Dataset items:
==*==

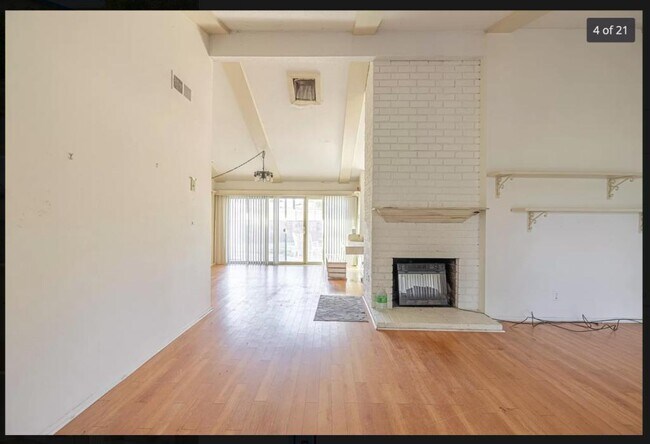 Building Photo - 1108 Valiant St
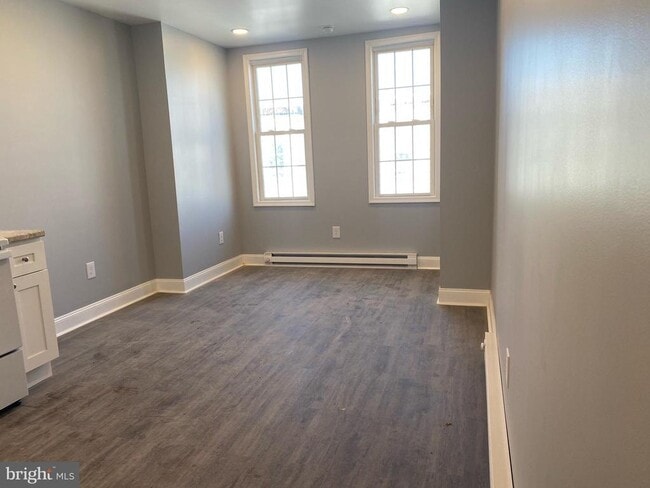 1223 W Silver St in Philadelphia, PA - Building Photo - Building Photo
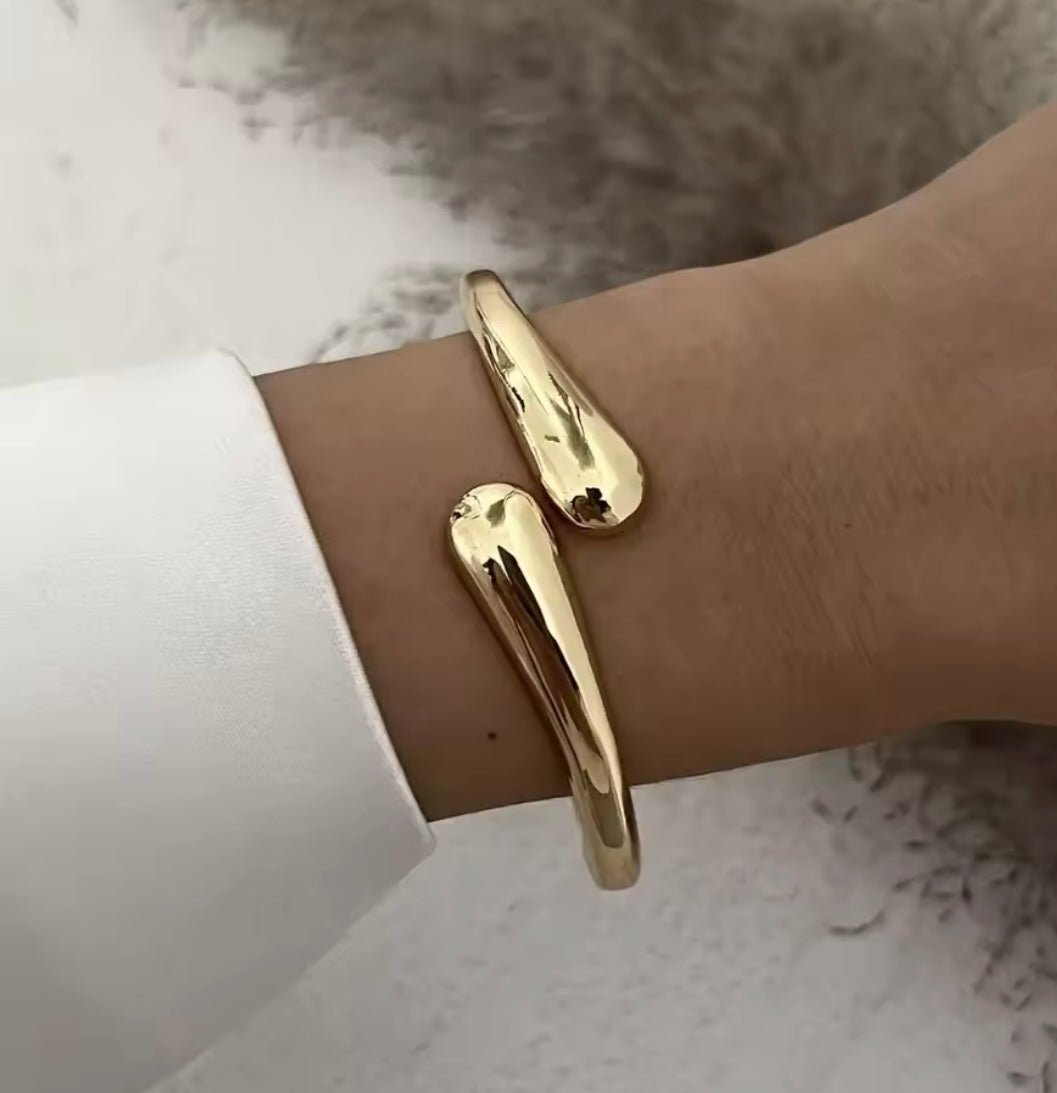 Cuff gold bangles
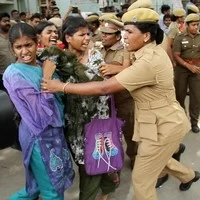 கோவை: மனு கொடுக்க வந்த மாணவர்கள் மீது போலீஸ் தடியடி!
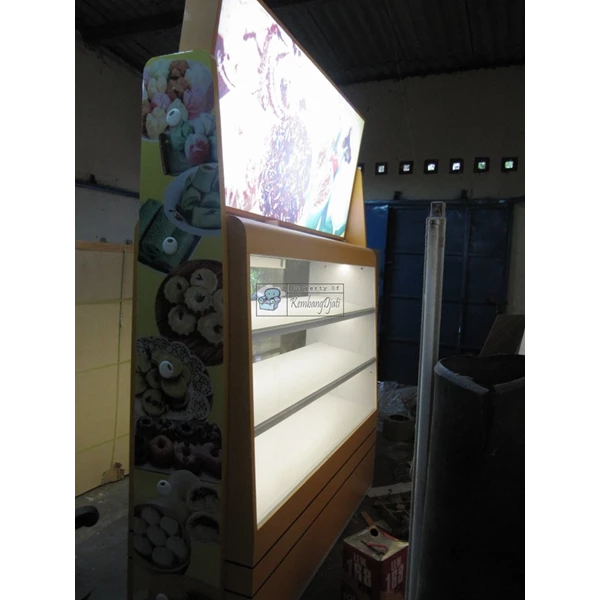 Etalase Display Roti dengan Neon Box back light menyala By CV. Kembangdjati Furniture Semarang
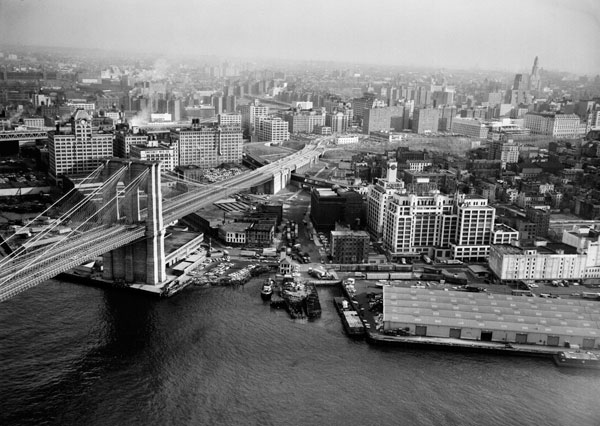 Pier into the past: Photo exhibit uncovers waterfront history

==*==

A verbatim copy is needed of the lines running from the line with "கோவை: மனு கொடுக்க" to the end of the data above, both included. Keep the pictures out of it.

Exercise response »
 கோவை: மனு கொடுக்க வந்த மாணவர்கள் மீது போலீஸ் தடியடி!
 Etalase Display Roti dengan Neon Box back light menyala By CV. Kembangdjati Furniture Semarang
 Pier into the past: Photo exhibit uncovers waterfront history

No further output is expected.